== Data section

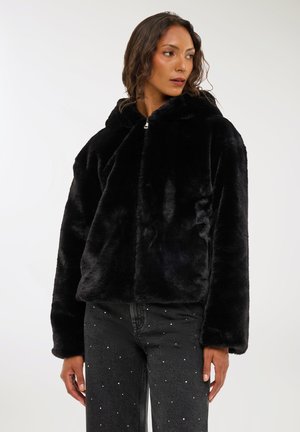 Donna con una giacca con cappuccio in pelliccia sintetica nera e jeans scuri con piccoli dettagli bianchi, che guarda verso sinistra davanti a uno sfondo neutro.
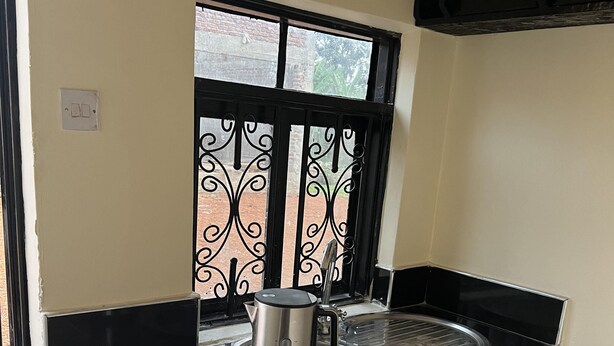 A compact kitchen with a black countertop, a stainless steel kettle, and a window with decorative black iron bars.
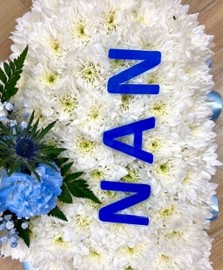 Heart-shaped funeral tribute with laminated wording, white chrysanthemums, delicate ribbon edge, and matching focal. Customisable colour options available.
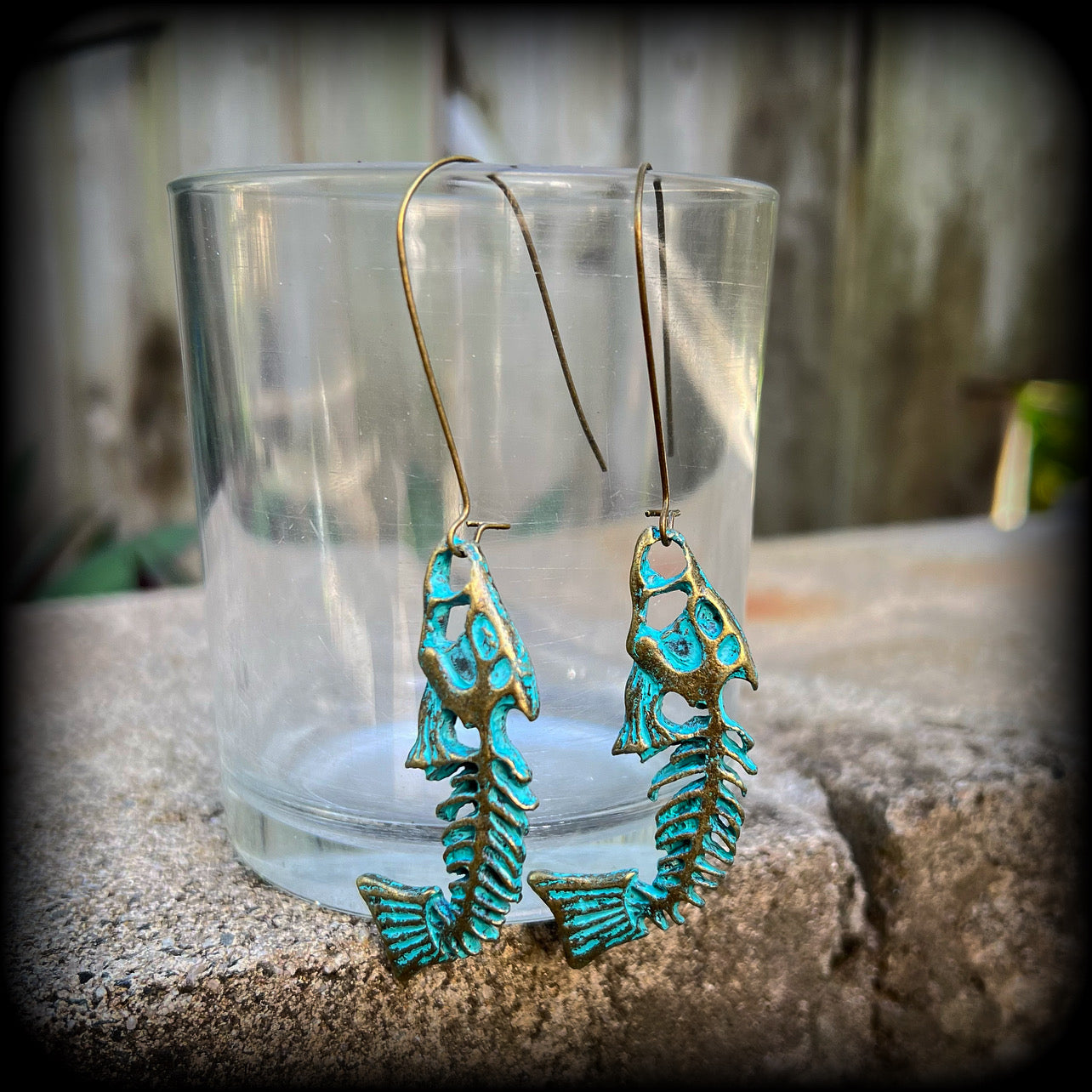 Patina fish skeleton earrings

====

Leaving the pictures aside, write out only the lines from the one containing "A compact kitchen" through the end of the material, exactly as they stand.

_Problem solution_:
 A compact kitchen with a black countertop, a stainless steel kettle, and a window with decorative black iron bars.
 Heart-shaped funeral tribute with laminated wording, white chrysanthemums, delicate ribbon edge, and matching focal. Customisable colour options available.
 Patina fish skeleton earrings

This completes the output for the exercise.